For many years, various Swiss Cantons have offered a favourable regime known as the 'forfait' regime (although notably this is not available in Zurich, but Zug is within easy commuting distance). This regime is available to an individual who (i) is not a Swiss citizen, (ii) has not been ordinarily resident in Switzerland within last 10 years and (iii) does not engage in gainful activity in Switzerland (activity outside Switzerland is permitted). Residence under the forfait is typically negotiated with the Swiss authorities in advance. If married, the taxpayer's spouse must also meet these criteria.
Under the forfeit regime the individual's tax base (the amount on which the individual will be taxed at ordinary rates) is agreed by the tax authorities in advance, usually as a multiple of the rental value of the taxpayer's property. There is no further income or capital gains tax, but individuals on forfaits are subject to inheritance tax in the same way as ordinary residents. Fortunately, most cantons do not charge inheritance tax on legacies to close family members and those that do, do so at very low rates.
In terms of immigration, an approach is made to the cantonal authorities and to the immigration authorities for a residence permit. For non-EU citizens, the immigration side is usually more of an issue than agreeing the basis of taxation under the forfait. For the forfait negotiations, information regarding annual expenditure will need to be provided but the level of information required varies from canton to canton. Obtaining Swiss citizenship is a notoriously convoluted process requiring the applicant to demonstrate their integration into Swiss society after 10 years of residency.
Portugal's 'Golden Visa' scheme, which granted individuals visas in return for investments into Portuguese investments or purchase of real estate, is a victim of its own success and is being withdrawn in an effort to alleviate the overheating of the housing market (though no end date has yet been fixed).
For many years, the Golden Visa has offered a route to an EU passport for many non-EU citizens. However, the Portuguese government recently announced that it is looking to close down this scheme and, in particular, at the end of 2022 the government announced that purchasing residential property in major cities such as Lisbon or Porto, or in coastal towns on the mainland, will no longer qualify for the purposes of the scheme. For the moment, existing holders of Golden Visas can have them renewed (until the new law is in force) so long as the individual satisfies conditions around their real estate, which include letting on a long-term basis.

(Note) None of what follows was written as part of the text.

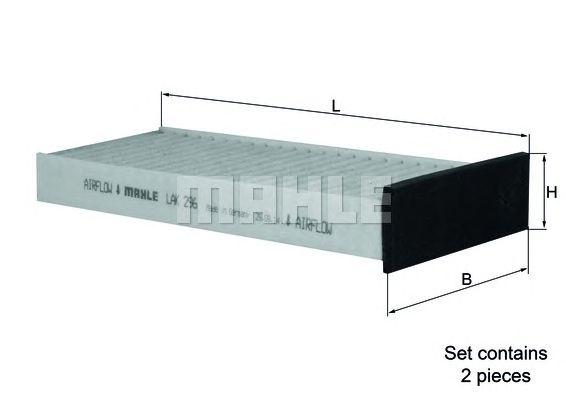 Фильтр салона MAHLE LAK 296S preview 1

Future renewals after the law is published will convert into an Entrepreneurs Permit.
EU nationals can still freely immigrate to Portugal and certain work permits can still be applied for by non-EU nationals, including a digital nomad visa, which grants rights to live and work in Portugal depending on the nature of the employment.
Portugal offers a special 'non-habitual resident tax regime' which is attractive for high net worth individuals relocating to the country. The principle advantages of this regime are (i) any foreign (non-Portuguese) source income is sheltered from tax in Portugal providing it is taxed in the source country under a double tax treaty; and (ii) employment or self-employment income is taxed at a flat rate of 20% when working in certain 'high value-added' fields. Note, however, that gains realised from a company located in a 'black-listed' jurisdiction will be taxed under the usual rules in Portugal (i.e, not under this regime).
The content of this article is intended to provide a general guide to the subject matter. Specialist advice should be sought about your specific circumstances.